From the first line of the data below through the line bearing "Soft Thick Leather", reproduce each line exactly; do not include pictures.

-- RECORDS follows --

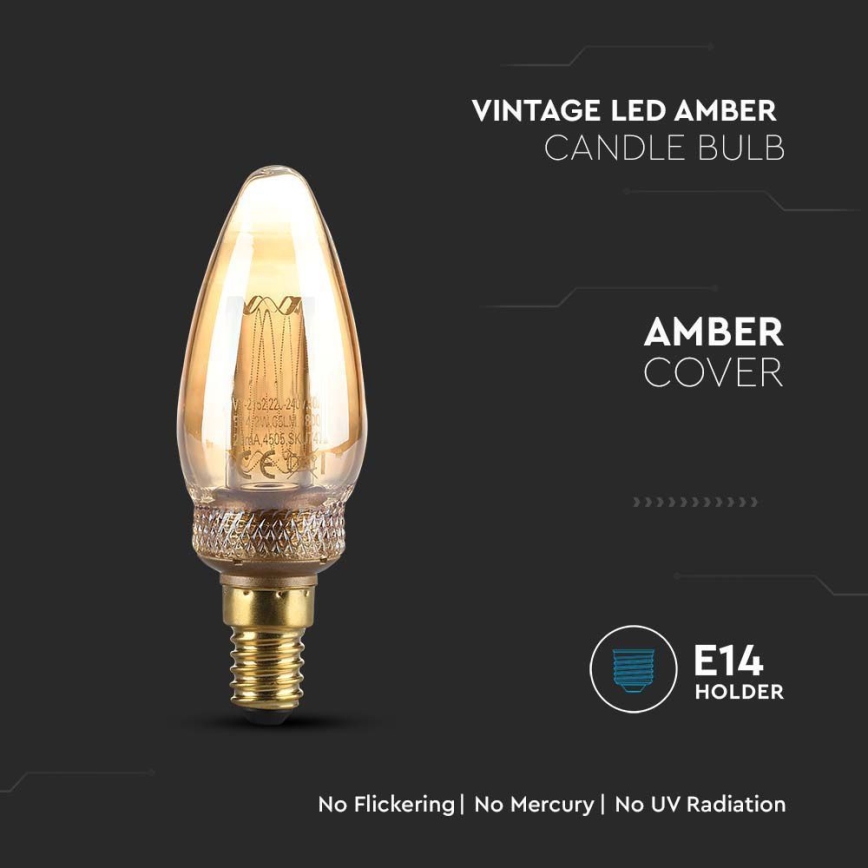 LED Polttimo FILAMENT E14/2W/230V 1800K Art Edition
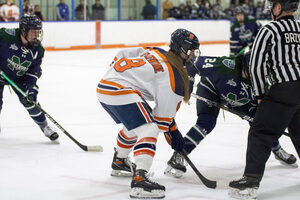 Three first period goals from Mercyhurst gave Syracuse an insurmountable lead that resulted in a 4-2 defeat to the Lakers.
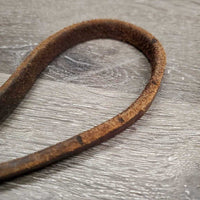 Soft Thick Leather Western Throatlatch *vgc, xholes, creases, clean, mnr edge stains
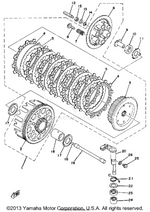 Yamaha parts diagram for 363-16321-09-00 - Ref #4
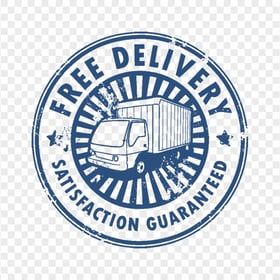 HD Blue Free Delivery Round Stamp Transparent PNG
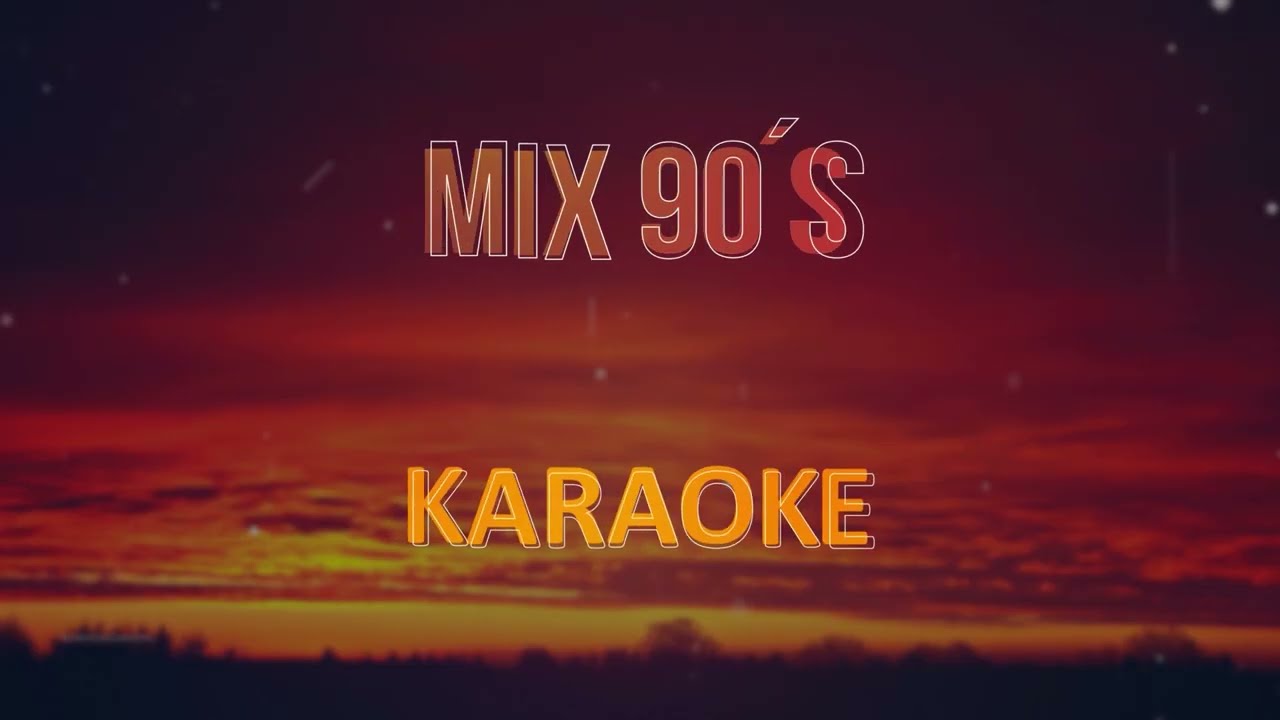 Mix lo mejor de los años 90, Karibe band, Karaoke / Pista musical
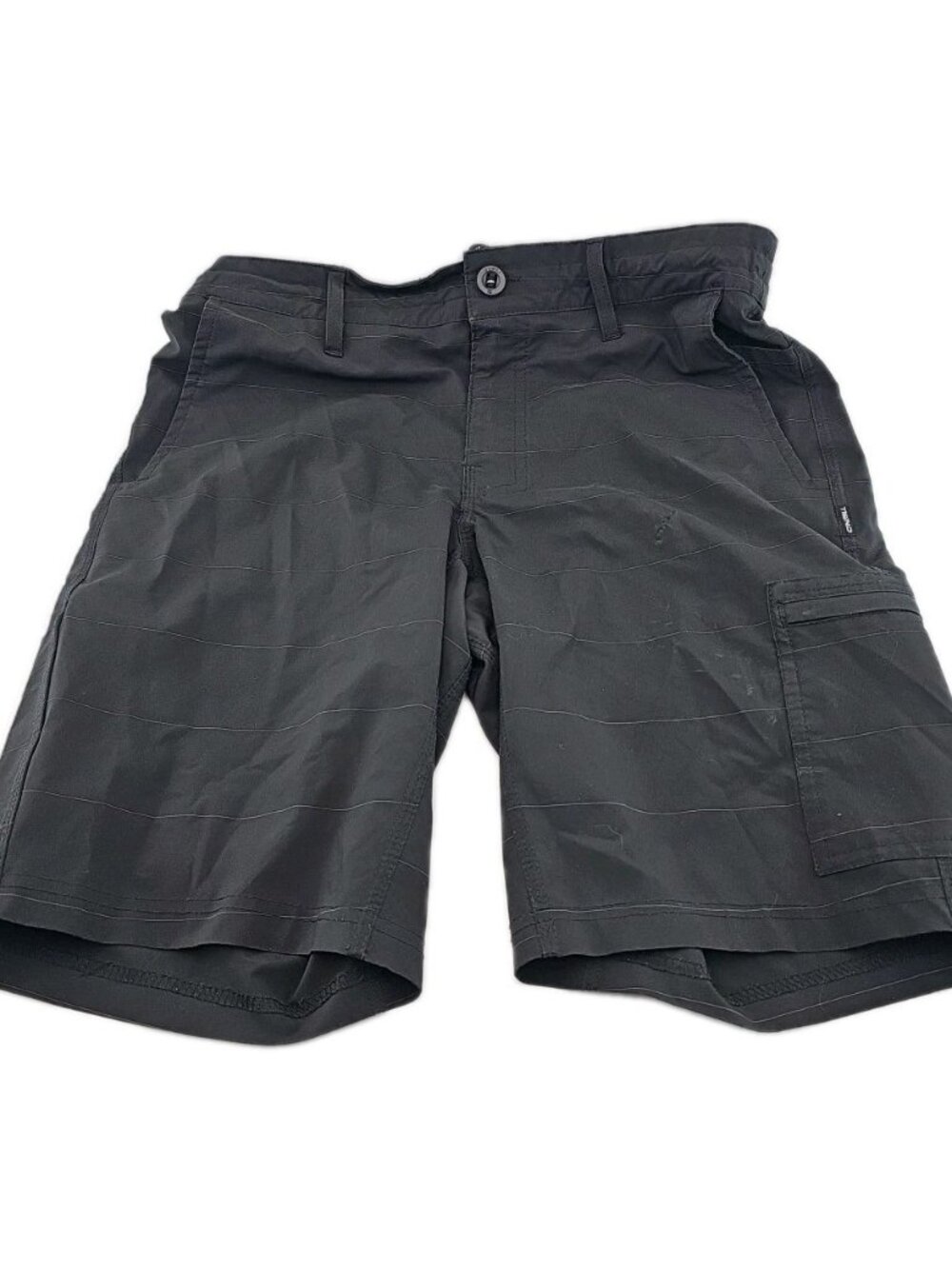 O'Neill Shorts Size 30 Black Gray Stripe Cargo Pockets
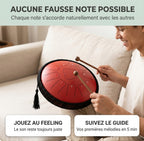 Tongue Drum Éclat Nomade — aucune fausse note possible, chaque note s'accorde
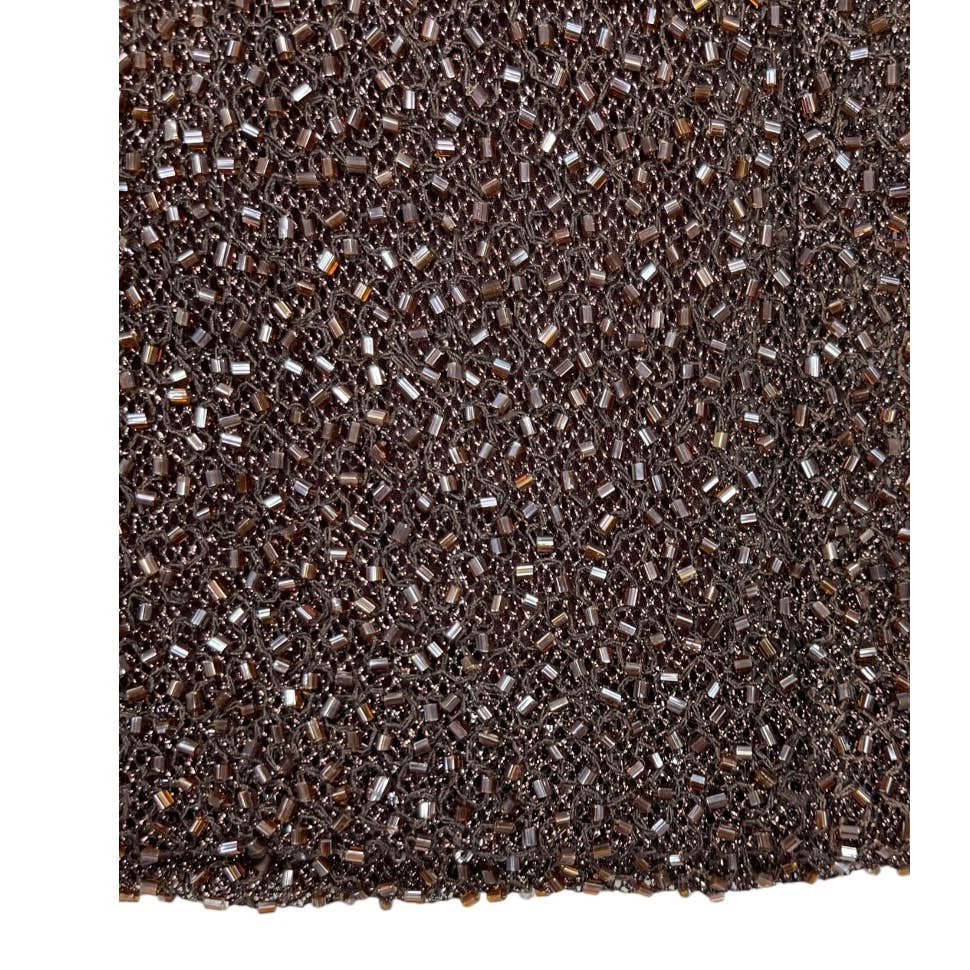 Badgley Mischka Burgundy Beaded Pants Size 10 - Premium from Badgley Mischka - Just $119.0! Shop now at Finds For You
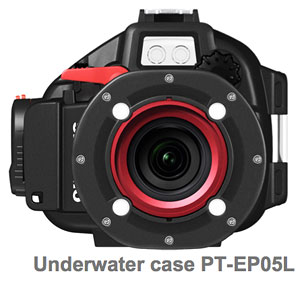 Foto vom Unterwassergehäuse PT-EP05L von Olympus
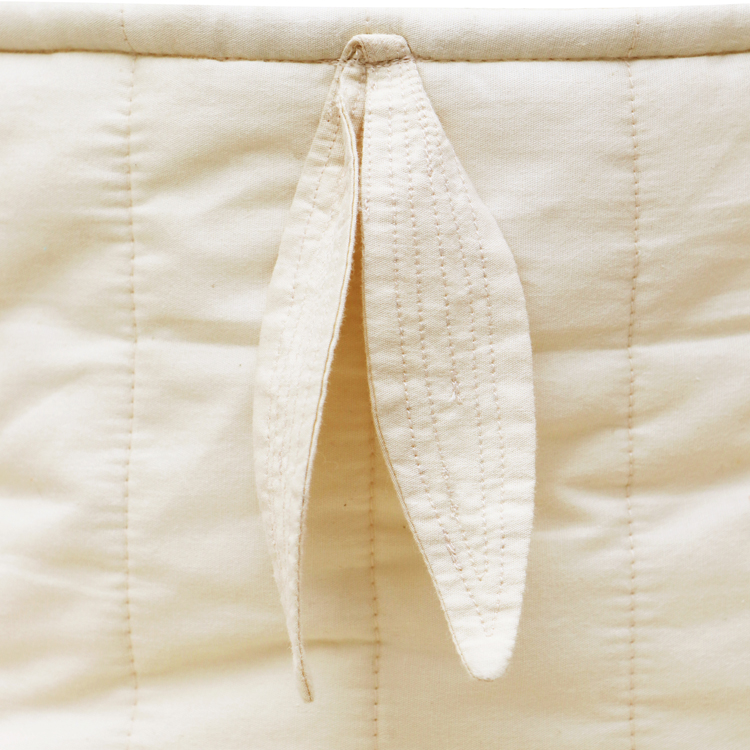 Lot de 2 paniers de rangement bamboo naturel (20 x 30 cm) (Lorena Canals) - Image 8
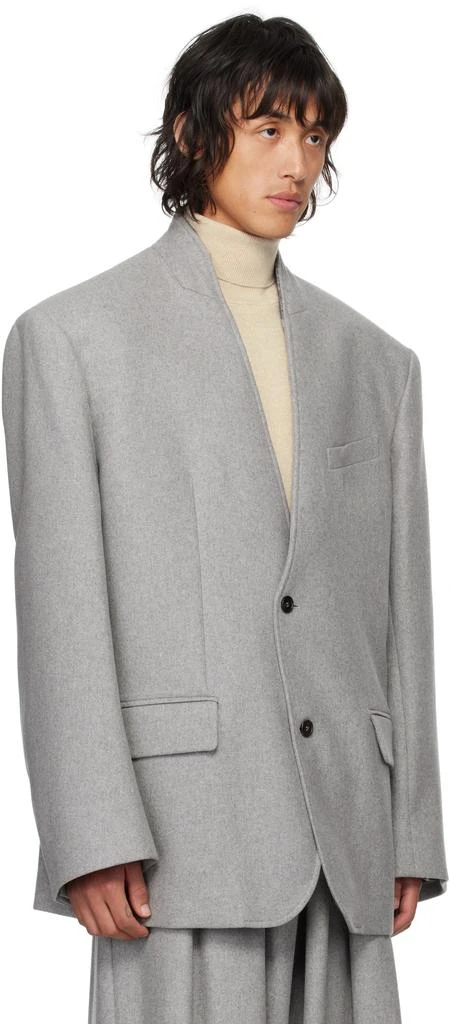 Hed Mayner Gray Flannel Blazer 2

-- RECORDS concluded --

SOLUTION FOR THIS EXERCISE
 LED Polttimo FILAMENT E14/2W/230V 1800K Art Edition
 Three first period goals from Mercyhurst gave Syracuse an insurmountable lead that resulted in a 4-2 defeat to the Lakers.
 Soft Thick Leather Western Throatlatch *vgc, xholes, creases, clean, mnr edge stains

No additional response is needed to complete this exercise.